Subin hanya tersenyum tanpa suara. Itu senyum yang cantik, tetapi entah mengapa, senyum itu terasa seperti ingin membunuh.
''Ah... ahahahahaha kau bukan kakakku, kau bukan Kang-Tyun, apa ini? Kita hanya teman masa kecil.''
''Kurasa aku mampu melakukan sebanyak ini?''
"Kamu terlalu protektif."
''Kamu bisa melakukan sebanyak ini, kan? Kita teman sejak kecil, seperti yang kamu bilang.''
'' Ha... oke ''
Saat aku menghela napas, Subin mulai menggigit kukunya.
''...Maafkan saya, Tuan, saya tidak bermaksud menyinggung Anda.''
"Tidak, menurutku itu sangat mungkin. Itu cuma bercanda, kan? Maaf, kurasa aku terlalu sensitif."
Aku menggenggam tangan Subin erat-erat.
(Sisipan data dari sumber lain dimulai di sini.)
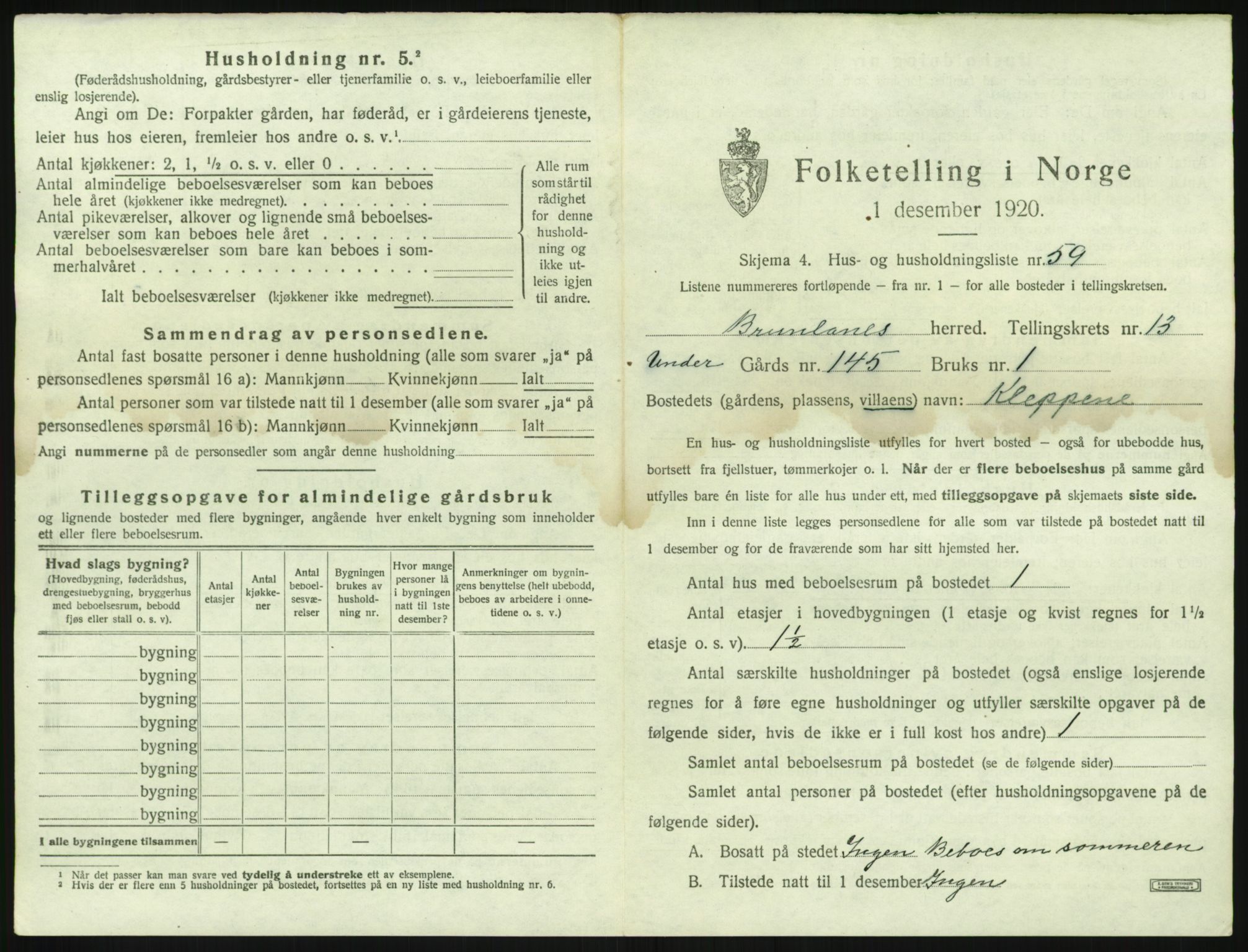 SAKO, 1920 census for Brunlanes, 1920, p. 1867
Kemudian Subin tersenyum cerah dan memelukku erat.
''Aku dengar kalian akan bersekolah bersama.''
''Benar, aku juga akan ikut denganmu.''

"Ya... Rasanya benar-benar seperti mimpi. Selama 10 tahun terakhir, aku selalu memikirkanmu setiap hari tanpa henti, dan aku ingin menghabiskan hari-hariku bersamamu. Jadi... um... aku ingin bersekolah bersamamu. Aku sangat merindukanmu, kata-kata tak bisa mengungkapkannya."
''Ini pertama kalinya saya bersekolah di Korea, jadi mohon jaga saya.''
Subin mendengar apa yang kukatakan dan tersenyum manis.
"Kamu bilang aku terlalu protektif"
''Ini hanya bentuk perlindungan''
''Hanya perlindungan...''
Subin mengikuti kata-kataku, memikirkannya sejenak, lalu tersenyum cerah dan meraih tanganku.
''Jangan khawatir, Tuan. Saya akan melindungi Anda.''
Subin menatapku dan tersenyum tipis.
''Akulah yang akan melindungimu, bukan Yeonjun atau Taehyun. Tidak, hanya aku yang ingin melindungimu.''
"Kamu serius?"
''Ya! Serius. Jika kamu mau, aku bisa mewujudkan apa yang kukatakan tadi.''
Lalu dia mendekatiku sedikit. Aku menelan ludah dan menatap Subin. Kami saling menatap dalam diam sampai Subin datang dan berbisik pelan di telingaku.